Хейген посмотрел на нее с искренним изумлением.
— Да нет. Он велел передать, что ты можешь иметь что захочешь и поступать как захочешь, если только будешь как следует заботиться о детях. — Хейген улыбнулся. — Велел сказать тебе, что его дон — это ты. Шутка такая.
Кей положила Хейгену руку на плечо.
— Значит, не он велел рассказать все это?
Хейген помедлил в нерешительности, как бы колеблясь, стоит ли говорить всю правду до конца.
— Ты так и не поняла, — сказал он. — Если Майкл узнает, о чем я тебе тут рассказывал, то я — мертвец. — Он снова помолчал. — Есть только три человека в мире, которым он не причинит вреда, — это ты и дети.
Прошло пять бесконечных минут. Потом Кей поднялась с земли, и они медленно тронулись назад. Почти у самого дома Кей спросила:
— Ты можешь после ужина отвезти нас с детьми в Нью-Йорк на своей машине?
— За этим я и приехал, — сказал Хейген.
Через неделю она пошла к священнику и сказала, что хочет принять католичество.
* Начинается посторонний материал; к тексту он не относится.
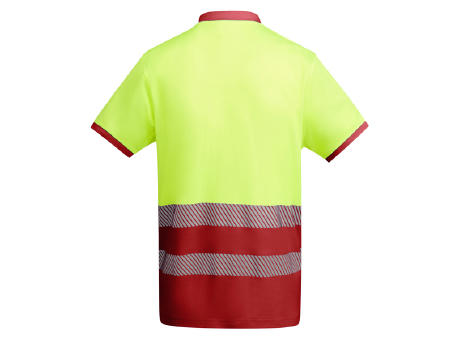 HV ATRIO POLO SHIRT S/S JOB RED/FLUOR YELLOW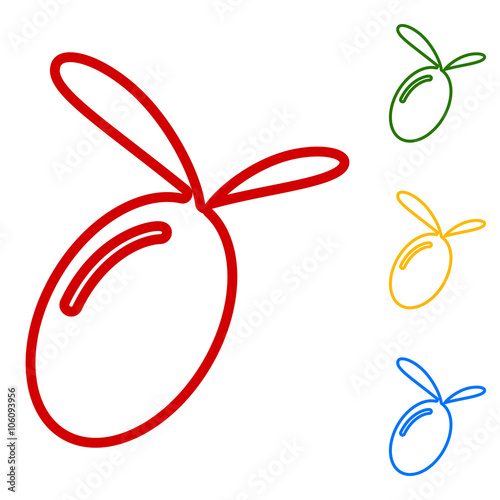 Oliva sign. Set of line icons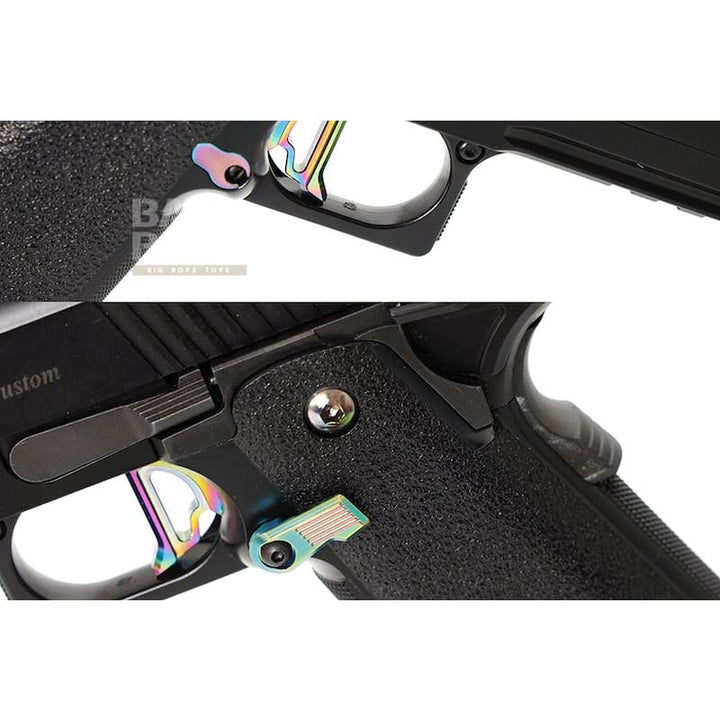 Nine Ball Custom Extended Magazine Release for Tokyo Marui Hi - Capa Series GBB Pistol - Heat Gradaton - Bang Bang Airsoft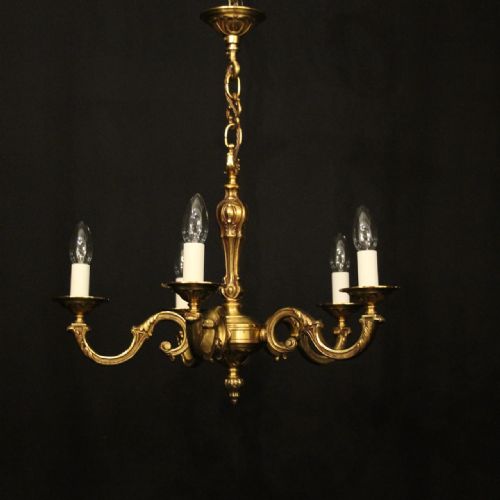 FRENCH PAIR GILDED BRONZE 5 ARM CHANDELIERS - ADDITIONAL PHOTO 1
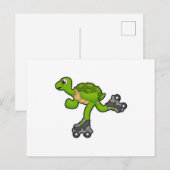 Schildpad als Skater met Inline skates Briefkaart (Voorkant / Achterkant)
Из сокровенных недр храма вылетел колокольный звон, призывая к покаянной молитве. Кей, памятуя о полученных ею наставлениях, легонько ударила себя в грудь сложенной ладонью в знак покаяния. Опять зазвонил колокольчик, тотчас сменясь шарканьем ног, — это причастники, покидая свои скамьи, потянулись к перильцам алтаря. Кей поднялась и двинулась следом. Преклонила колена пред алтарем, и вновь из глубины церкви донесся звон колокольчика. И снова сложенной ладонью Кей ударила себя в то место, где находится сердце. Перед нею стоял священник. Запрокинув голову, она открыла рот, готовая принять тоненькую, как папиросная бумага, облатку. Настал тот миг, который более всего внушал ей трепет. Пока не растает облатка и можно будет сделать глоток и совершить то, ради чего она сюда пришла.
Очистясь от греха, осененная благодатью, Кей склонила голову, сложив руки на перильцах алтаря. Слегка переменила положение, освобождая от тяжести затекшие колени.
Отогнала прочь все мысли о себе, о детях, весь гнев и возмущение, все вопросы. И с истовым и глубоким желанием веровать, быть услышанной, она, как вчера, как каждый день со времени убийства Карло Рицци, стала произносить слова молитвы о спасении души Майкла Корлеоне.